Our fundamental understanding of the mechanisms that underpin ENSO can be
attributed to several leading paradigms. These are: (1) the delayed action oscillator
theory (Suarez and Schopf 1988; Battisti and Hirst 1989); (2) the advective-reflective
oscillator theory (Picaut et al. 1997); (3) the western Pacific oscillator theory
(Weisberg and Wang 1997); (4) the recharge-discharge oscillator theory (Jin 1997);
and (5) the unified oscillator theory (Wang 2001). Rather than detailing the
differences between each of these theories, it is sufficient to point out the strong
connection between theories in terms of their collective requirement for coupling the
tropical upper ocean with the atmosphere as the important mechanism setting the
timing of ENSO climate variability.
Aside from Australia’s climate being strongly influenced by ENSO (while
acknowledging the important signals that exist regionally from other large-scale
climate modes, in particular the Indian Ocean Dipole and Southern Annular Mode), it
also varies on decadal and longer time scales (Power et al. 1999a,b; Timbal et al.
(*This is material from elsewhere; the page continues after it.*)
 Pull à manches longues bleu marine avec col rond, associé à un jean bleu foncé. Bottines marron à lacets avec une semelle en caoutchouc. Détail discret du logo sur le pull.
2006; CSIRO-BoM 2007). But ENSO itself varies on (inter-)decadal time scales, and
its impact on Australia appears to be modulated (e.g., Power et al. 1999a; Holbrook
2009). So what are the mechanisms behind the increased prevalence of El Niño events
following the 1976/77 climate shift? Is this simply multi-decadal ENSO variability –
e.g. a manifestation of the Interdecadal Pacific Oscillation? Is the extended 1990-95
El Niño ‘event’ a consequence of climate change (Trenberth and Hoar 1996, 1997)?
Has ENSO really changed in recent decades (Wang 1995; Power and Smith 2007)?
Assuming human-induced climate change has played a role in the overall bias in the
Southern Oscillation index towards more negative values over the past 30 years, by
shifting the Southern Oscillation index by 3 units, El Niño dominance disappears –
this interpretation is at least consistent with modelling results that show global
warming weakens the Walker Circulation and warms the tropical central-eastern
Pacific Ocean, but has little impact on ENSO-driven variability about the new mean
state (Meehl et al. 2007; Power and Smith 2007). While this is a plausible
explanation, the effect of climate change on ENSO variability remains very much an
open question.
This report aims to: (1) document the observed physical and biological evidence of
ENSO in the marine environment around Australia, focusing on Australia’s Exclusive
Economic Zone (EEZ), (2) assess the climate change projections of ENSO for
Australia’s marine environment, (3) provide a confidence assessment of these
observed and projected changes, (4) document knowledge gaps, and (5) suggest
adaptation responses based on projected climate changes.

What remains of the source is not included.